Beleuchtung, Materialien und Stil für das Badezimmer mit Doppelwaschtisch
Plane die Beleuchtung in zwei Ebenen. Eine gleichmäßige Deckenleuchte sorgt für Orientierung im Raum. Direkt am Doppelwaschtisch sind seitliche Leuchten oder eine gleichmäßig beleuchtete Spiegelfläche sinnvoll. Reines Licht von oben wirft oft harte Schatten unter Augen und Kinn.
Neutralweißes Licht mit etwa 3.000 bis 4.000 Kelvin wirkt angenehm und funktional. Achte zudem auf eine gute Farbwiedergabe, geringe Blendung und die Eignung für Feuchträume. Integrierte LED-Leuchten sind langlebig und sparsam. Eine dezente Nachtbeleuchtung erleichtert die Orientierung. Die Elektroplanung muss den Schutzbereichen im Bad entsprechen und sollte fachgerecht ausgeführt werden.
Wähle für Waschtisch und Möbel robuste, pflegeleichte Materialien. Keramik ist hygienisch und unempfindlich. Mineralguss erlaubt fugenarme Formen, reagiert jedoch empfindlicher auf Kratzer und Hitze. Auch Naturstein, Quarzkomposit, Glas, HPL und Holzdekor passen zum Waschplatz. Bei Holz sind versiegelte Flächen und gut abgedichtete Kanten im Spritzwasserbereich wichtig. Großformatige Fliesen verringern die Fugen und erleichtern die Reinigung.

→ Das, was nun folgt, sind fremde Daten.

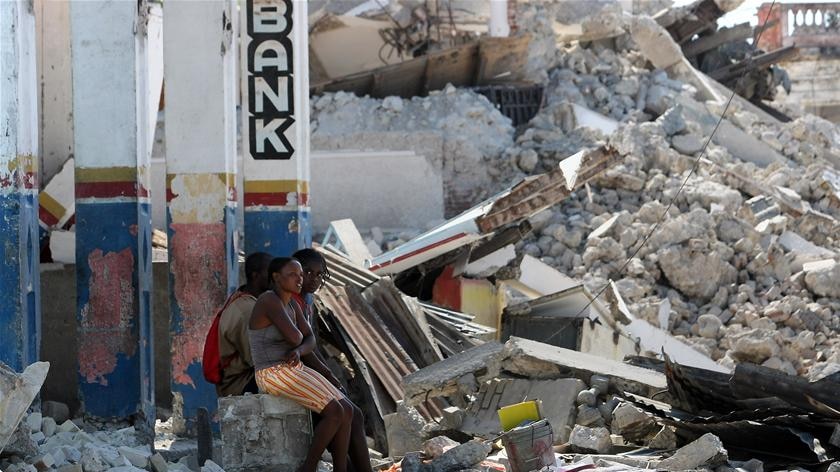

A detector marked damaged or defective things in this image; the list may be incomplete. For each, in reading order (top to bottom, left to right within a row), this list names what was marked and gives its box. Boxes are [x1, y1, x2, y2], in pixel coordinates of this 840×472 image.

broken concrete [0, 362, 49, 454]
broken concrete [220, 394, 312, 472]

Für einen modernen Stil eignen sich klare Fronten, dezente Farben sowie schwarze oder gebürstete Armaturen. Warme Holzdekore, Naturtöne und indirektes Licht schaffen eine wohnliche Atmosphäre. Ein durchgehender Spiegel betont die Symmetrie und lässt den Raum größer wirken. Zwei einzelne Spiegel bieten mehr Freiheit bei der Gestaltung. Stimmen Sie Waschtisch, Spiegel, Leuchten, Fliesen und Möbel früh aufeinander ab.